■ RECORDS FOR THE TASK
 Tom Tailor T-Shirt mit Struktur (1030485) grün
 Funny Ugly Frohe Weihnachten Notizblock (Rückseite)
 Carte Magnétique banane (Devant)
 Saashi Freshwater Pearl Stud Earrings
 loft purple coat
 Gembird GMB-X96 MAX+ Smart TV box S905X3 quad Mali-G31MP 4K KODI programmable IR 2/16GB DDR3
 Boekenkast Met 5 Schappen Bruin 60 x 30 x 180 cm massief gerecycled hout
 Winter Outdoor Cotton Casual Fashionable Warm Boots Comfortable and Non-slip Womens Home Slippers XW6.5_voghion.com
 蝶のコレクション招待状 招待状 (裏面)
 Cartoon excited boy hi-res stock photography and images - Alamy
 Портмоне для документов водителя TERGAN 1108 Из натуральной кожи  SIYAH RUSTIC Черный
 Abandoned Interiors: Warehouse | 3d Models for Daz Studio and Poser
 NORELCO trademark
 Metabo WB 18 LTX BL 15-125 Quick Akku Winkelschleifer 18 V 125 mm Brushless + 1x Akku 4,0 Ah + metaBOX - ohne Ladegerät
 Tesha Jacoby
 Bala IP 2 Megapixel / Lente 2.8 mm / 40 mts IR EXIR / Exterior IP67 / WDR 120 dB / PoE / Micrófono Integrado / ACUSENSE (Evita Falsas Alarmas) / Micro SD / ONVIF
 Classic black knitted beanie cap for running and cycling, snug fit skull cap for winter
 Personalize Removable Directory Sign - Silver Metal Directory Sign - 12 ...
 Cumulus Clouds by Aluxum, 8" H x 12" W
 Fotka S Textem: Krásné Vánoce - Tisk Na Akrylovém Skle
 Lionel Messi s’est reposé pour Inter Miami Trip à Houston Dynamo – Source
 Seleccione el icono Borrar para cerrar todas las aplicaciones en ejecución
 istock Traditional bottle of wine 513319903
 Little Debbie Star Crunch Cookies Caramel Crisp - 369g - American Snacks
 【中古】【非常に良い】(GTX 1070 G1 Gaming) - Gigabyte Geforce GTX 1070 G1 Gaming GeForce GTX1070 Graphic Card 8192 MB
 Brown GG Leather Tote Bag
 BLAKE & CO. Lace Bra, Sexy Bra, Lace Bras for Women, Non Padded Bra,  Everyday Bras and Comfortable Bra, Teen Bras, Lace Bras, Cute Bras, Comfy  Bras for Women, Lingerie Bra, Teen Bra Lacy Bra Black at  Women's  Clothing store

■ TASK PROMPT
Wherever the word "Comfortable" appears in the listing, copy the line that holds it.

■ TASK SOLUTION
 Winter Outdoor Cotton Casual Fashionable Warm Boots Comfortable and Non-slip Womens Home Slippers XW6.5_voghion.com
 BLAKE & CO. Lace Bra, Sexy Bra, Lace Bras for Women, Non Padded Bra,  Everyday Bras and Comfortable Bra, Teen Bras, Lace Bras, Cute Bras, Comfy  Bras for Women, Lingerie Bra, Teen Bra Lacy Bra Black at  Women's  Clothing store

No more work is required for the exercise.